**What needs to be done:**
Give the listing below again exactly, but without any of its pictures.

**Recorded information:**
[Start of section]

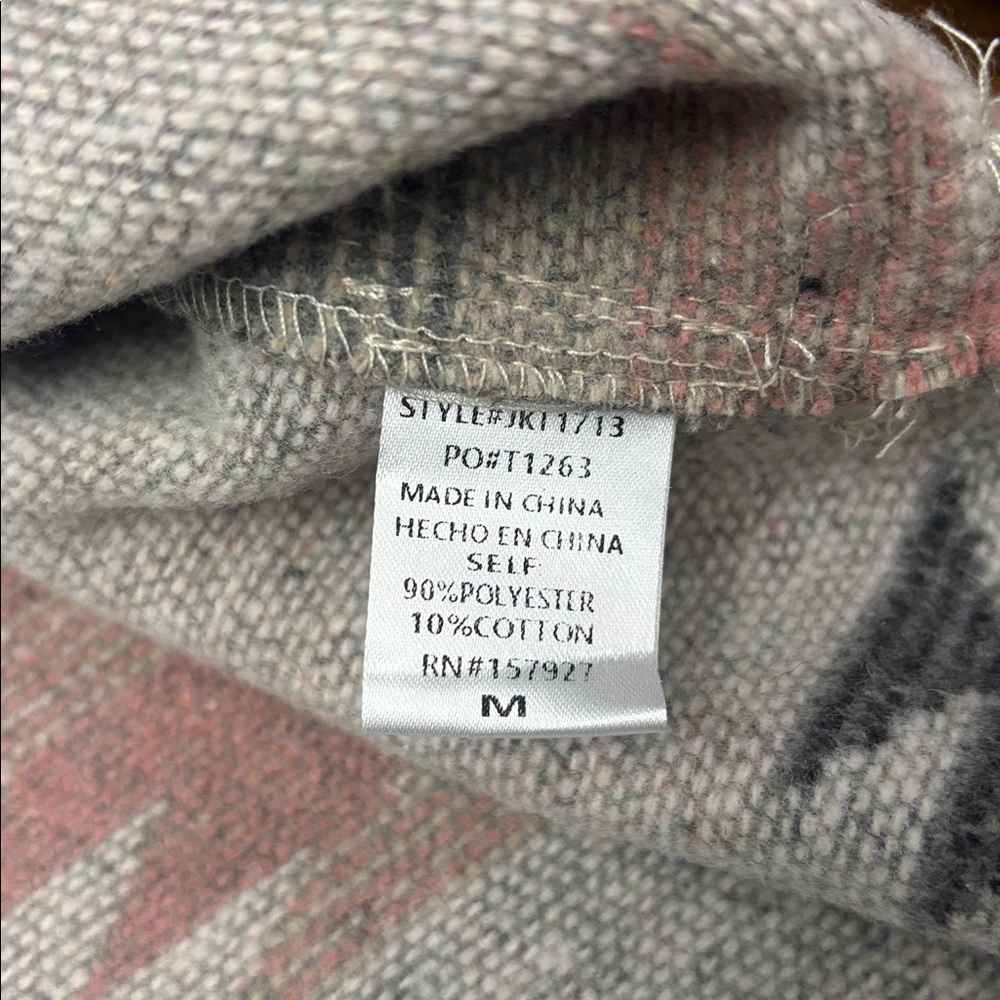 La Miel Aztec Patterned Button-Up Jacket - Picture 9 of 12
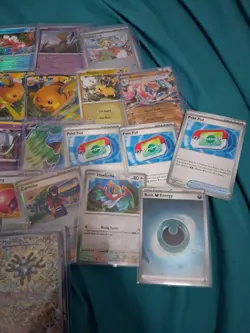 Pokemon TCG Mixed Card Lot Pikachu Raichu Lapras Magneton Hawlucha Holo Trainer - Image 1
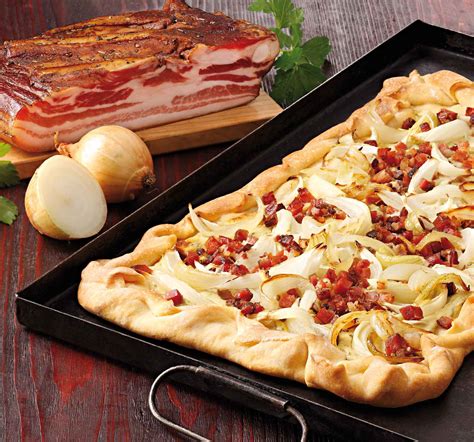 Flammkuchen Mit Zwiebel Und Speck Tante Fanny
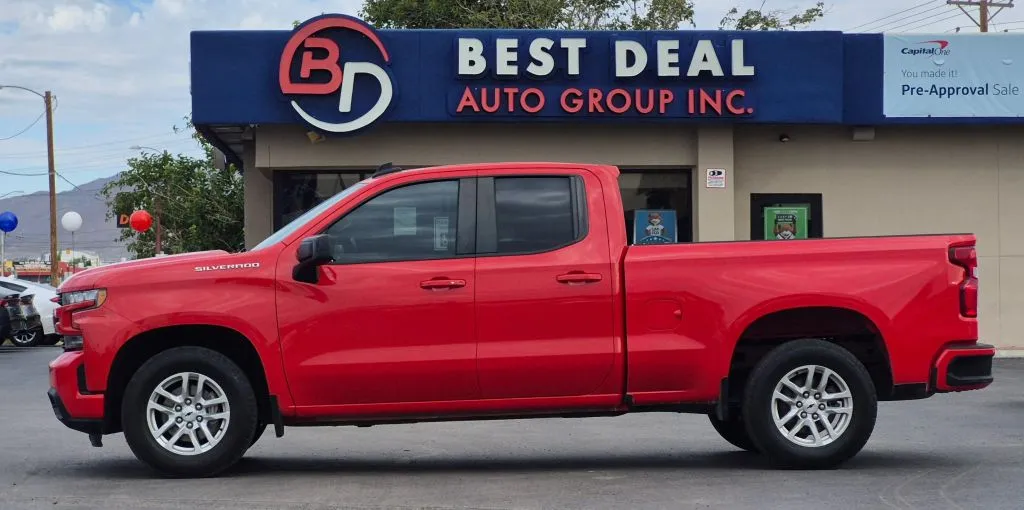 Red 2020 Chevrolet Silverado 1500 Double Cab RST Pickup 4D 6 1/2 ft for sale in El Paso, TX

[End of section]

**Solution to this task:**
 La Miel Aztec Patterned Button-Up Jacket - Picture 9 of 12
 Pokemon TCG Mixed Card Lot Pikachu Raichu Lapras Magneton Hawlucha Holo Trainer - Image 1
 Flammkuchen Mit Zwiebel Und Speck Tante Fanny
 Red 2020 Chevrolet Silverado 1500 Double Cab RST Pickup 4D 6 1/2 ft for sale in El Paso, TX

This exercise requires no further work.